From fire-retardant infant sleep-suits to designer T-shirts, the use of chemicals such as teflon and formaldehyde in clothes is ubiquitous, while heavy metals including chromium are widely used in leather tanning. However while the presence of hazardous chemicals in cosmetics and household cleaning products is relatively well-known, consumer awareness of toxic elements is rather low when it comes to fashion.
It is not an entirely new problem, either. Like The Mad Hatter character in Lewis Carroll’s Alice’s Adventures in Wonderland, many milliners and factory workers in nineteenth century England suffered from the mad hatter disease after inhaling toxic mercury fumes which was widely used to cure felt at the time.
Fast-forward to the 21st century, and the situation has not changed that much for the millions of garment workers and cotton farmers around the world who are routinely exposed to heavy metals, pesticides and other chemical ‘nasties’, which seriously damage people’s health as well as the environment by finding their way into soil, water streams, and oceans.
But the situation is starting to change.
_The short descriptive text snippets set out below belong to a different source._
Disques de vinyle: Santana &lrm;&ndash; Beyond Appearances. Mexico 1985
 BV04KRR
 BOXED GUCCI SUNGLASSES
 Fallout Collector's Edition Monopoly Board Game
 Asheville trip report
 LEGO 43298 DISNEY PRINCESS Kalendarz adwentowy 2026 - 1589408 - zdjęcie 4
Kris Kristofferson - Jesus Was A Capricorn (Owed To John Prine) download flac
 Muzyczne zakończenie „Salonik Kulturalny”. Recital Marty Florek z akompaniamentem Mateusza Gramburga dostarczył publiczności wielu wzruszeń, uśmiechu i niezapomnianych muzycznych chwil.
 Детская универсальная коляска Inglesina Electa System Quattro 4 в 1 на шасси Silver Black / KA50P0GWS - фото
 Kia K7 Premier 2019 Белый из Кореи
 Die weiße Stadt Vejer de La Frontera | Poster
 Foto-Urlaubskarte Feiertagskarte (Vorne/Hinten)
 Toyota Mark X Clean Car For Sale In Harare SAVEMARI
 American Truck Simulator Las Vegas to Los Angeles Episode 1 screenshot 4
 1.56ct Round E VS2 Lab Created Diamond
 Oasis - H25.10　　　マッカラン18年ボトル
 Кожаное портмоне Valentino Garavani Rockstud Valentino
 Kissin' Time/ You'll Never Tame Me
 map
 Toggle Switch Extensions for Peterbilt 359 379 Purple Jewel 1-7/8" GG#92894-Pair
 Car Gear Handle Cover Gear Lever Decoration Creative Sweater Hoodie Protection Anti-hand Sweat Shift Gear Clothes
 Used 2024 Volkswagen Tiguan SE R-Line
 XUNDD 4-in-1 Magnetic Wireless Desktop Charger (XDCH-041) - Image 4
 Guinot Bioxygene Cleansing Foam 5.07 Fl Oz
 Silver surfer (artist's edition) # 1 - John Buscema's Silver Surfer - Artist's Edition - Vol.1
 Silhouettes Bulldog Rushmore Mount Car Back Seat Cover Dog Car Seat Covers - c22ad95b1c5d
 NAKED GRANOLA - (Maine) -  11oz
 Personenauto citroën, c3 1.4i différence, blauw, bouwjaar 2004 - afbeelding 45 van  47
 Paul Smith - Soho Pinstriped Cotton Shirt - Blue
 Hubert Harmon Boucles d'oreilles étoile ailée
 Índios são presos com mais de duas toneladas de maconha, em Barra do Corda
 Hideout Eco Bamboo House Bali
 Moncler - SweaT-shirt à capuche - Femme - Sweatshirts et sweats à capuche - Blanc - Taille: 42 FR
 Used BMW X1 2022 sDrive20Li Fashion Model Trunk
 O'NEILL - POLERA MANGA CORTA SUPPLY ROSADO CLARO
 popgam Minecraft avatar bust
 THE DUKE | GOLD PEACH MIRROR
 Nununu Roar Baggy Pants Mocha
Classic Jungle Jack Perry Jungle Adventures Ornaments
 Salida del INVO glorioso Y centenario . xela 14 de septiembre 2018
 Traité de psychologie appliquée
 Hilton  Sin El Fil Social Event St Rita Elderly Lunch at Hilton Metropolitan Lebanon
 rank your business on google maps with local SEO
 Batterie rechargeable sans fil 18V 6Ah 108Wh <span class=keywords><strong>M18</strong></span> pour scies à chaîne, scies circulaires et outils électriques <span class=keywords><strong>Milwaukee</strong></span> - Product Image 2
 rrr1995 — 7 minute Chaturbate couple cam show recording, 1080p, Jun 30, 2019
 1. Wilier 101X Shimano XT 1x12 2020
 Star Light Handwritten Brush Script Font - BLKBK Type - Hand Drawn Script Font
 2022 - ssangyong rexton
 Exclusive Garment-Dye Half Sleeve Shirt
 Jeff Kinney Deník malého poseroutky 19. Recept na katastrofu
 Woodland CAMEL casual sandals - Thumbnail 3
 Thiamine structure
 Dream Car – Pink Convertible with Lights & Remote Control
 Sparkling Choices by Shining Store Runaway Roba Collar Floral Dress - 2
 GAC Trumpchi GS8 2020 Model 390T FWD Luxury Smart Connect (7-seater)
Responding to recent name-and-shame consumer awareness campaigns, such as Fashion Detox by Greenpeace (read my interview with the Fashion Detox campaign manager here), a number of leading brands have committed to clean up their act by 2020. This is a positive step, and no doubt consumer and NGO watchdogs will keep these companies accountable.
At the same time, a growing number of companies are investing in new fibers which not only reduce negative impacts, but actually benefit the environment and people’s health.
Among these new ‘eco-textiles’ are algae, banana and milk fibers, which have hypoallergenic and UV-protective properties, as well as clothes made out of corn and discarded crab shells. It is an exciting development in the textile industry which opens up sustainable business opportunities.
Algae (seaweed) clothing: I already wrote about algae clothing here. Seacell it a renewable fibers with great potential for use in fashion. It has proved to be effective against damaging UV rays, making it ideal for swimwear and sportswear. While seacell is not yet common on the runway, designers like Linda Loudermilk have long been using it in her luxury eco collections.
Banana fibers: Derived from the cast-off stems and leaves of the banana tree, the inner, silky layer of the banana fiber is ideal for delicate dresses, wraps and blouses. Filipino designer Dita Sandico Ong had the vision to embrace an ecologically-friendly design and production process, transforming the use of banana and other natural plant fibers into a fashion art form.
Milk fiber was invented in 1930’s and widely used in both Italy and America in the 1940’s as a substitute for wool, which was needed by men on the frontlines. New milk processing technology, developed by a German biologist and fashion designer, Anke Domaske, has made Qmilk into a luxurious and hypoallergenic fiber. By using milk that is no longer fit for human consumption, Qmilk is also helping reduce waste.
Crabyon: Crabyon is a fabric derived from chitin, which comes from crab shells. With its strong antibacterial properties, Crabyon has proven to be popular for sports clothing, underwear, baby clothes and even medical dressings.
Ingeo: Made from corn, which is already used in bio-plastics for, say, packaging, Ingeo is another innovative fiber that has made its way from farm to fashion. The developer, NatureWorks LLC, says the fiber is stain-resistant and wrinkle free, breathable and odour-resistant. What’s more, it looks great on the runway!
With so much potential for sustainable innovation, let’s hope that the textile industry will respond to the detox challenge, and that the green trend in fashion is here to stay.